### WHAT TO PRODUCE
In the data below, find the line containing "Gray 2012 Nissan Rogue S" and the line containing "3 Bedroom Terraced", then reproduce them and every line between, exactly. Omit pictures.

### DATA PROVIDED
____

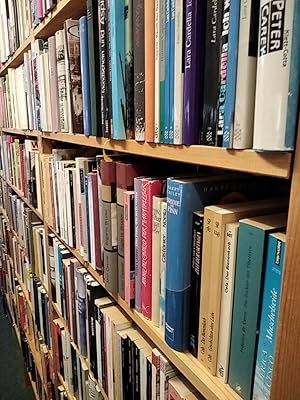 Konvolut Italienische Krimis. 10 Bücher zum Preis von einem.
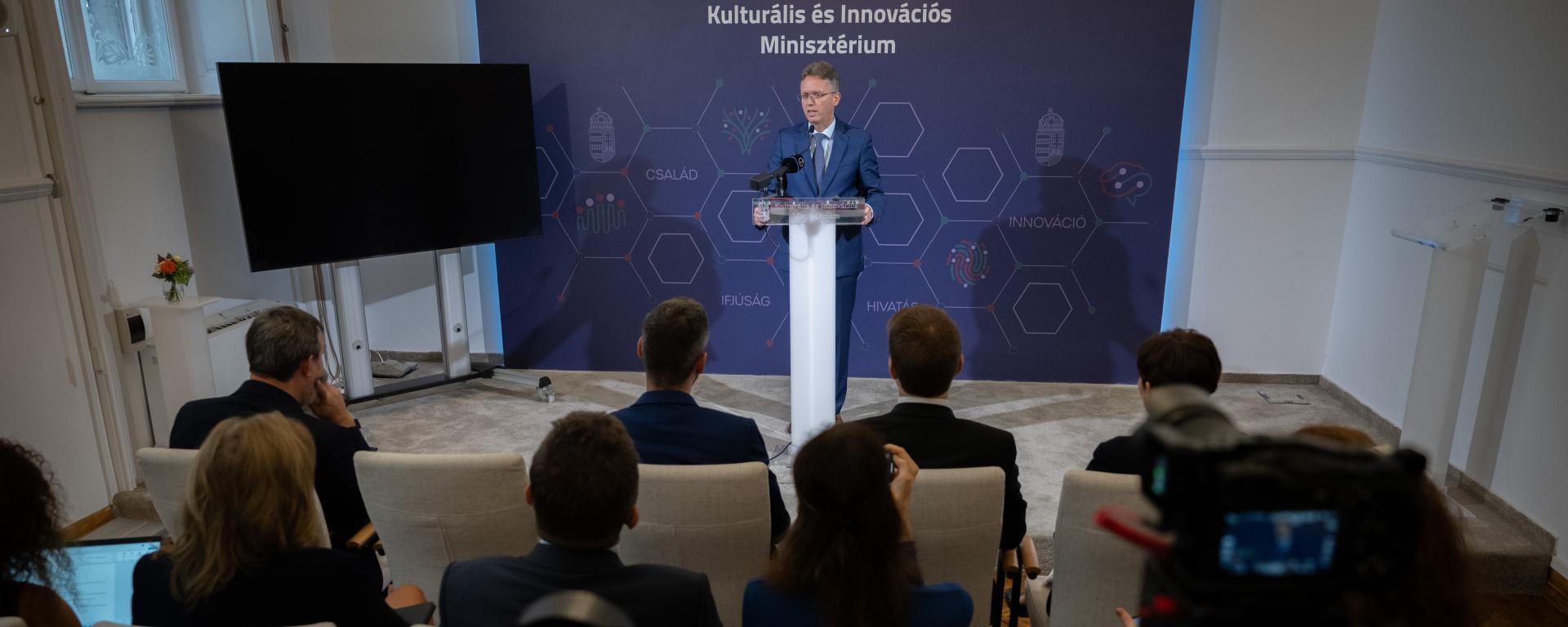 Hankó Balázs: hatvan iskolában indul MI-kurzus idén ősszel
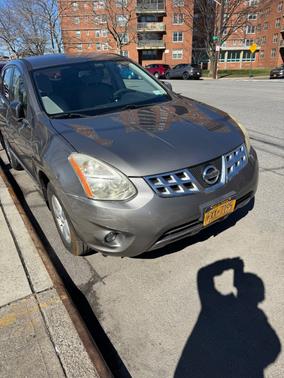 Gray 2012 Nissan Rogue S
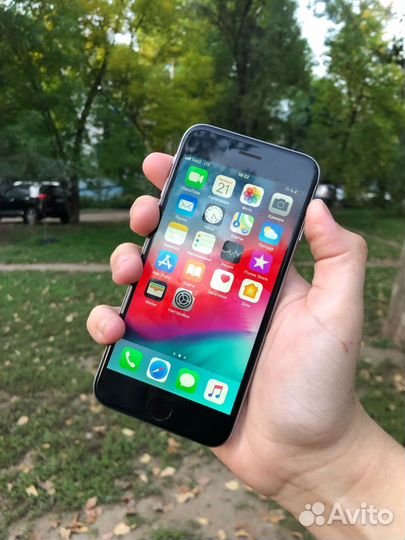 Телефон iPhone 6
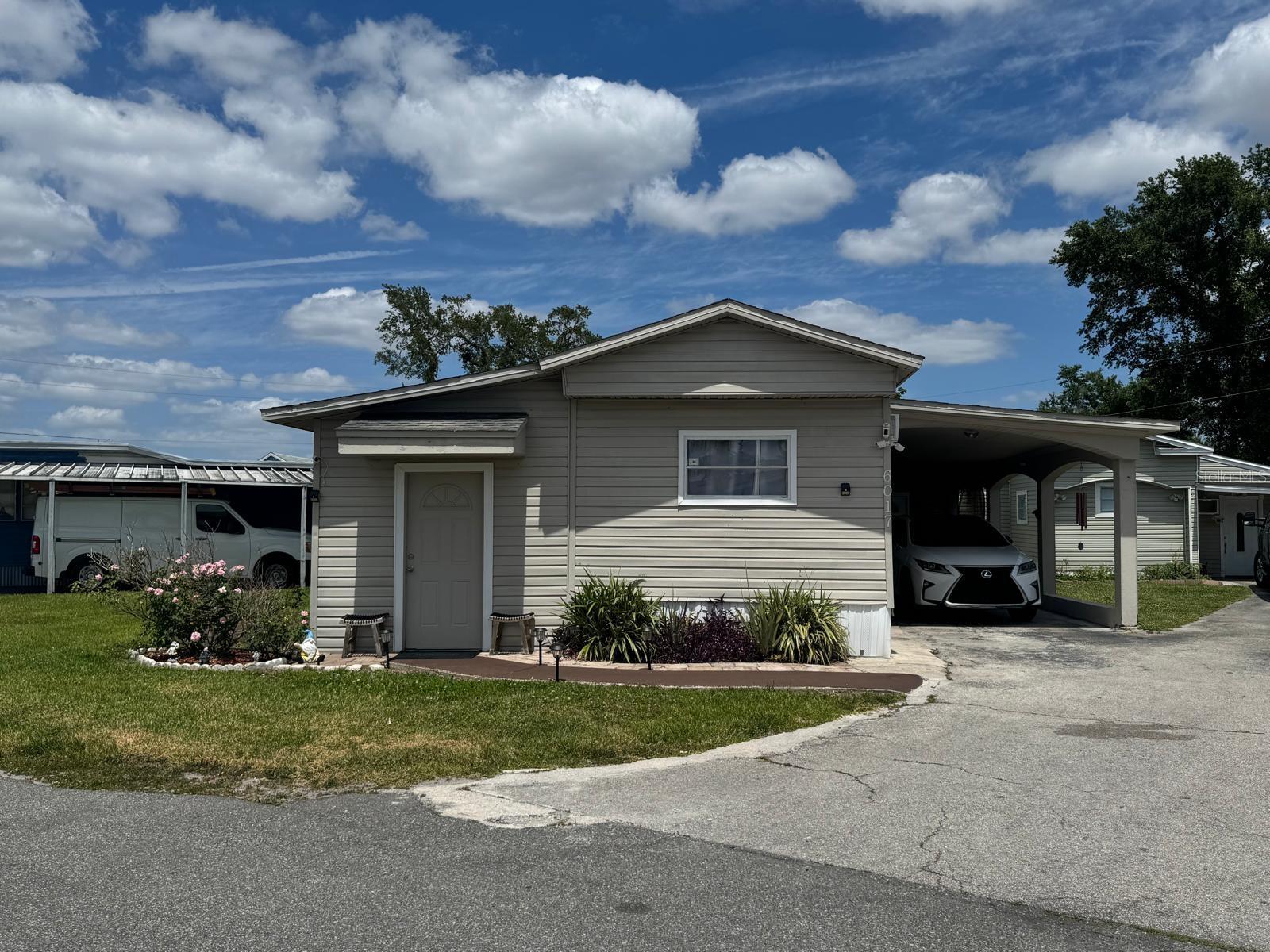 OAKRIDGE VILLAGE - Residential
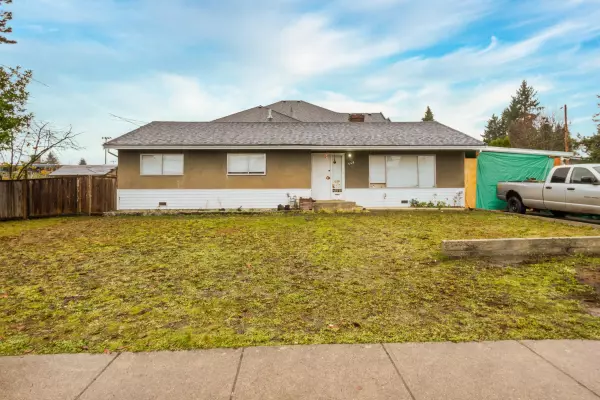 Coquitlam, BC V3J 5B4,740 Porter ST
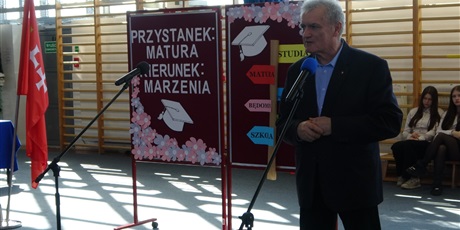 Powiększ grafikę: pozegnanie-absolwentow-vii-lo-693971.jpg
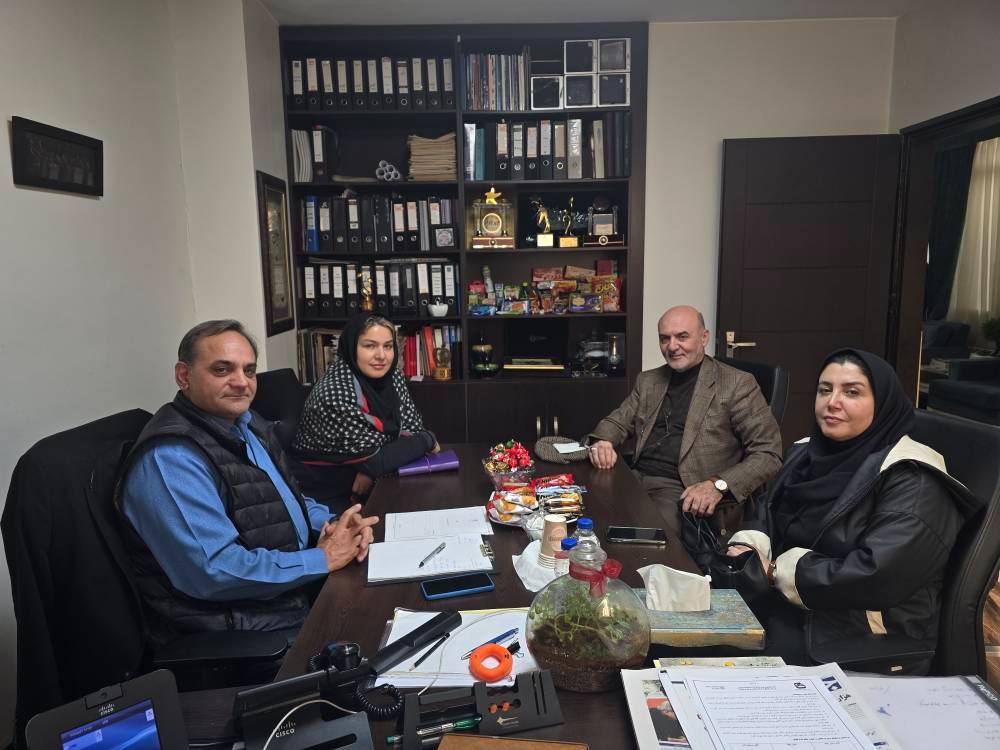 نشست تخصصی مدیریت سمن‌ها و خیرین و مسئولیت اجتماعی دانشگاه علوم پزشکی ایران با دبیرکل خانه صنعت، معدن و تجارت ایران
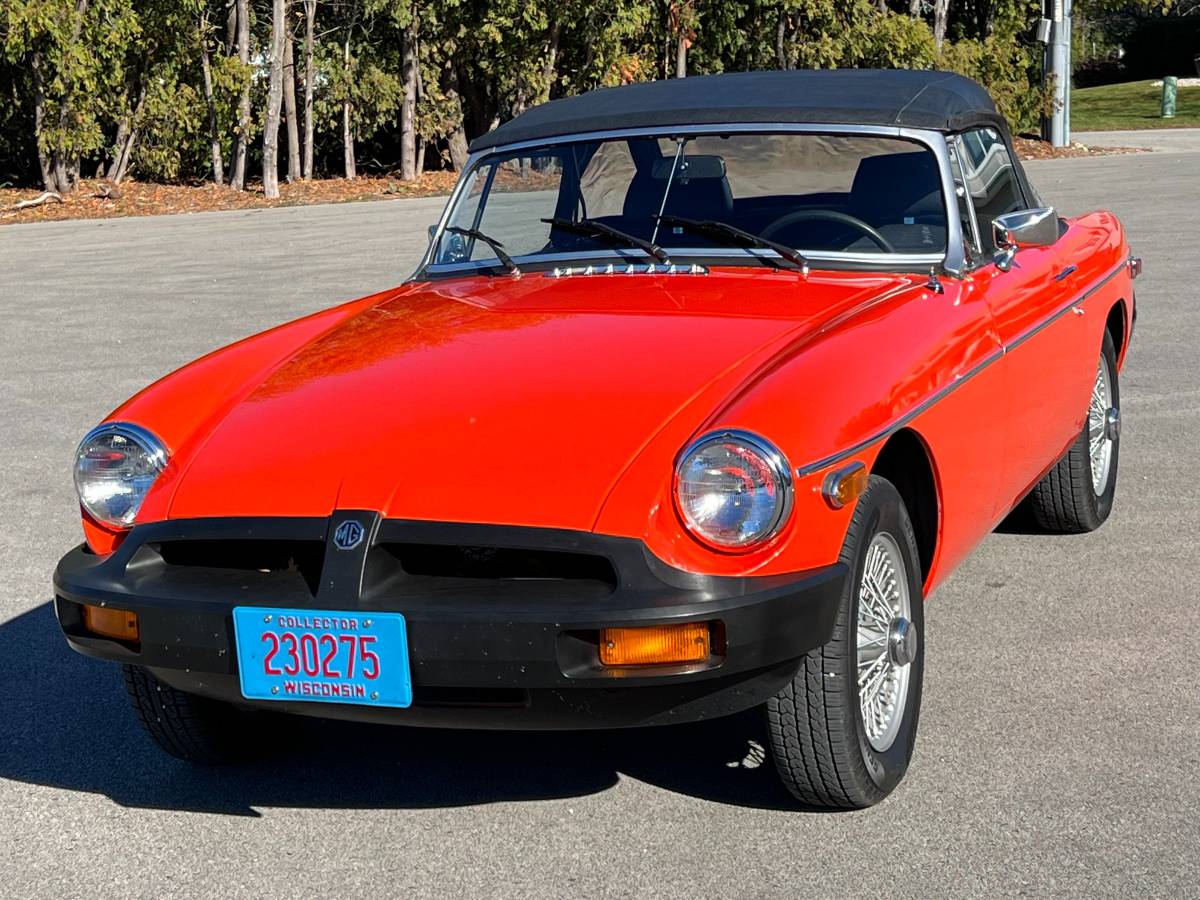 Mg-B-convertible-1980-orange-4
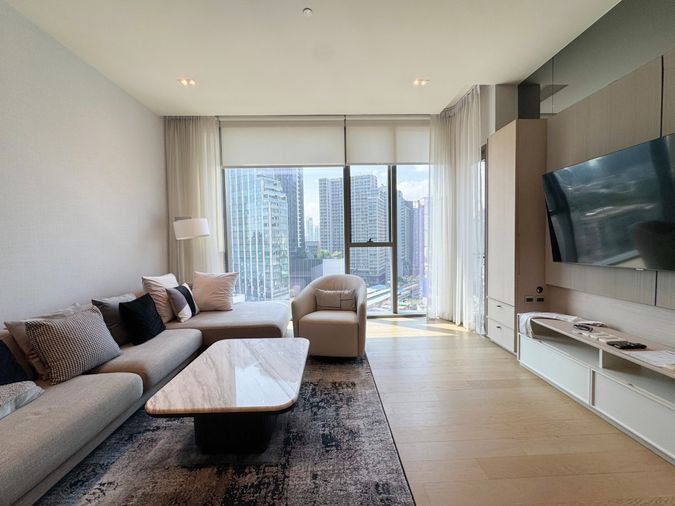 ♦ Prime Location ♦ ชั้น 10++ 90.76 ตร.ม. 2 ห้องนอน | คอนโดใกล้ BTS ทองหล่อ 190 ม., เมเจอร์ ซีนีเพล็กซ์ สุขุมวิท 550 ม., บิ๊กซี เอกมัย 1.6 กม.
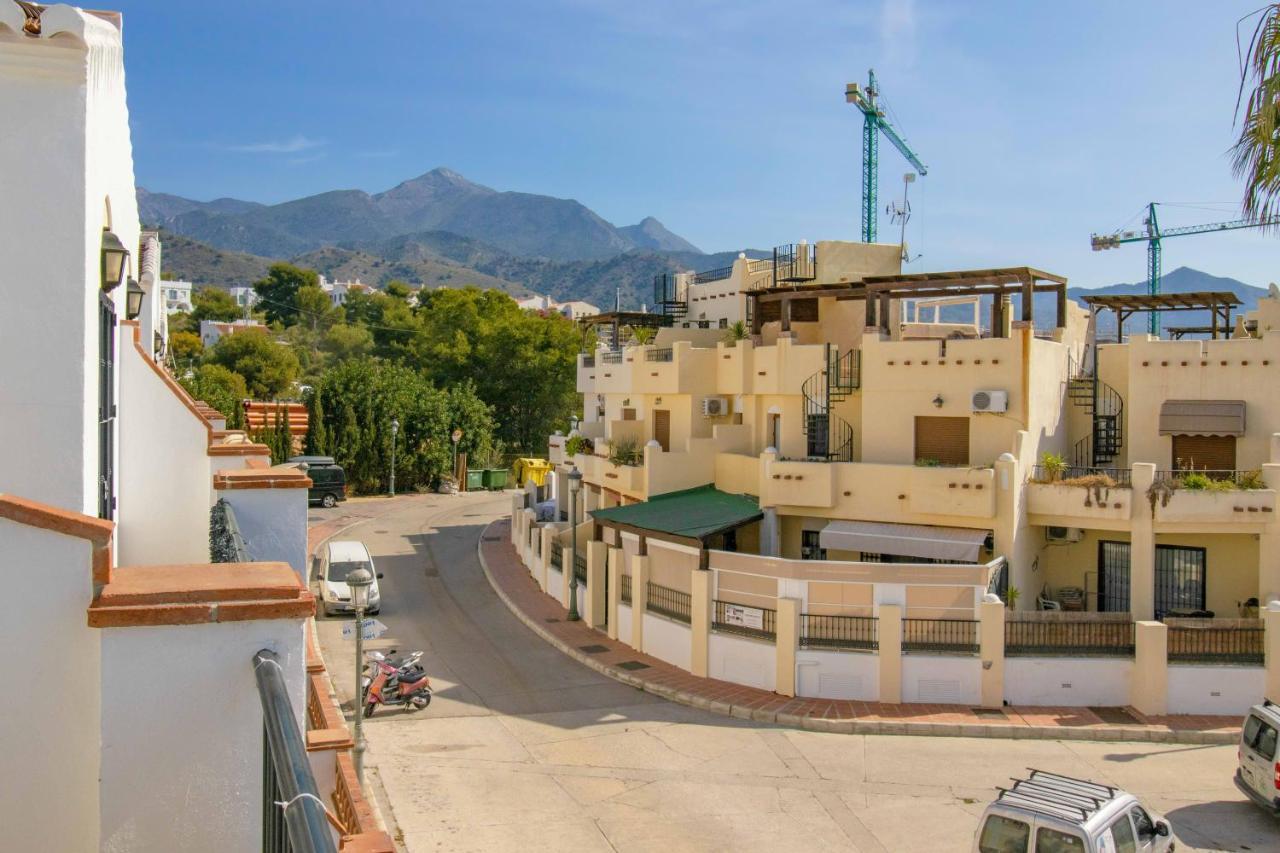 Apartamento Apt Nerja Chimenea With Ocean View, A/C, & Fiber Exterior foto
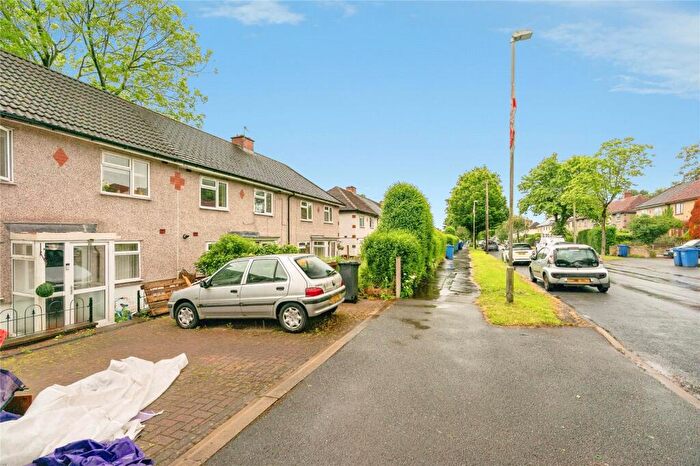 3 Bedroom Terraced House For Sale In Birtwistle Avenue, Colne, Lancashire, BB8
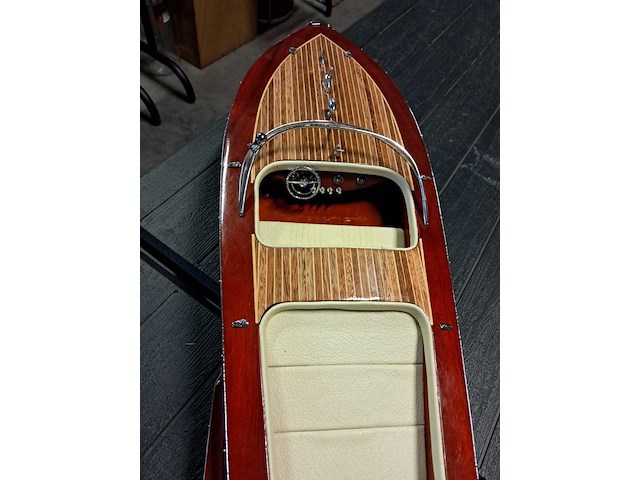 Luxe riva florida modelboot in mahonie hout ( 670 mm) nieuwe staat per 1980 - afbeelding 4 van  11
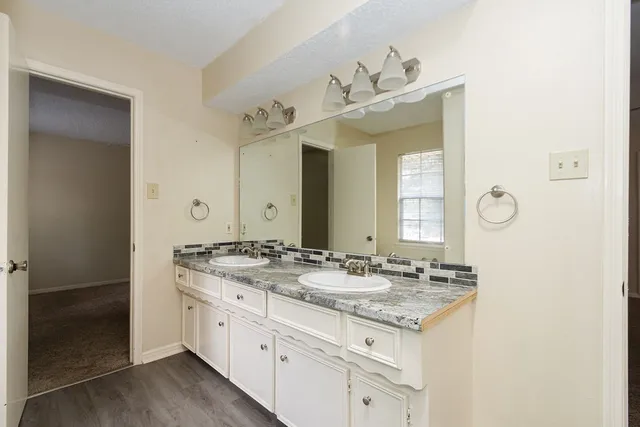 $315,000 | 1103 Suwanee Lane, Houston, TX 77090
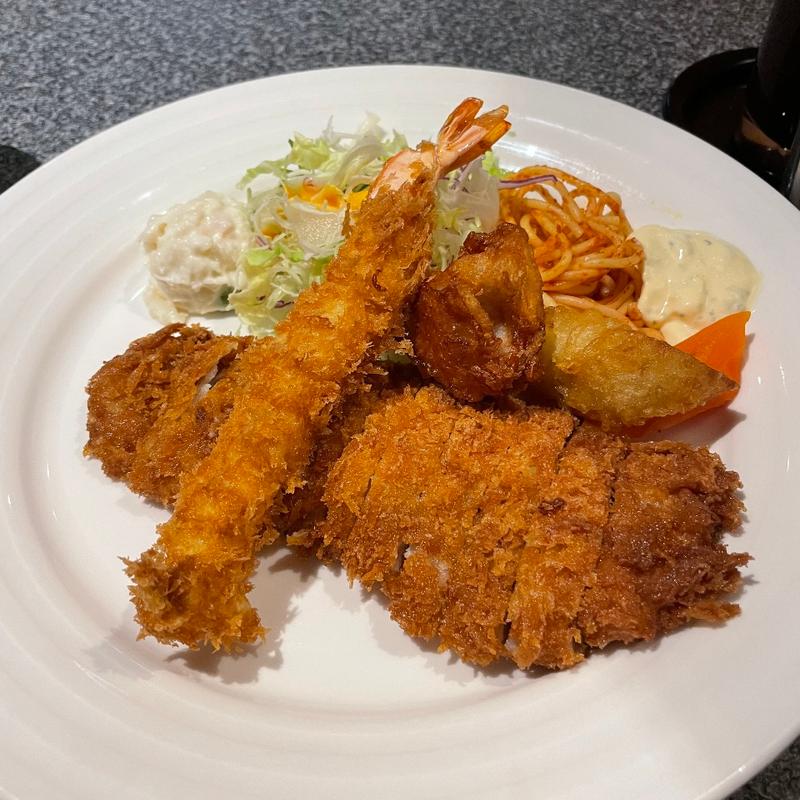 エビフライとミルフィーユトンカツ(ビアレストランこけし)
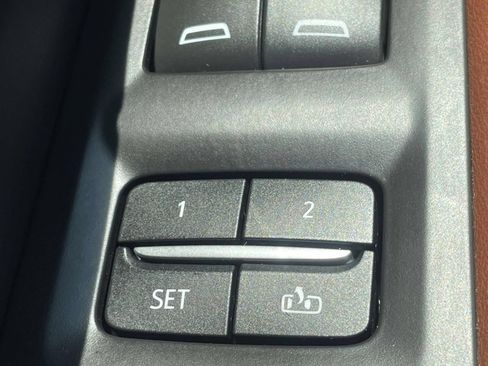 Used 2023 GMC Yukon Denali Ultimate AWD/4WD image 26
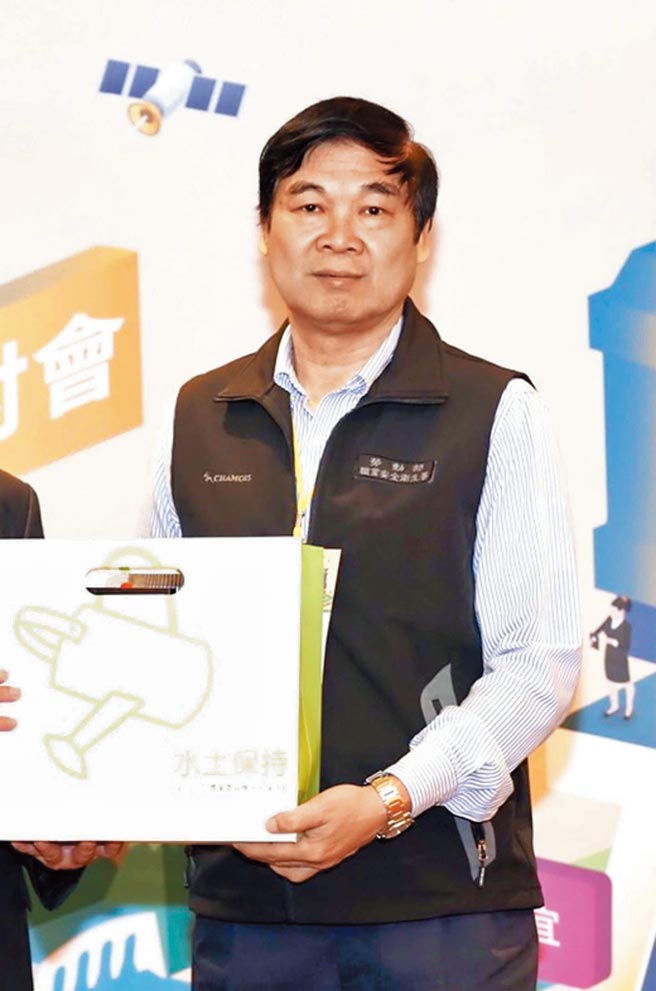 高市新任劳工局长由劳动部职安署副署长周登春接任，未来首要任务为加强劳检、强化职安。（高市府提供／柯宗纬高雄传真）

____

### EXERCISE SOLUTION
 Gray 2012 Nissan Rogue S
 Телефон iPhone 6
 OAKRIDGE VILLAGE - Residential
 Coquitlam, BC V3J 5B4,740 Porter ST
 Powiększ grafikę: pozegnanie-absolwentow-vii-lo-693971.jpg
 نشست تخصصی مدیریت سمن‌ها و خیرین و مسئولیت اجتماعی دانشگاه علوم پزشکی ایران با دبیرکل خانه صنعت، معدن و تجارت ایران
 Mg-B-convertible-1980-orange-4
 ♦ Prime Location ♦ ชั้น 10++ 90.76 ตร.ม. 2 ห้องนอน | คอนโดใกล้ BTS ทองหล่อ 190 ม., เมเจอร์ ซีนีเพล็กซ์ สุขุมวิท 550 ม., บิ๊กซี เอกมัย 1.6 กม.
 Apartamento Apt Nerja Chimenea With Ocean View, A/C, & Fiber Exterior foto
 3 Bedroom Terraced House For Sale In Birtwistle Avenue, Colne, Lancashire, BB8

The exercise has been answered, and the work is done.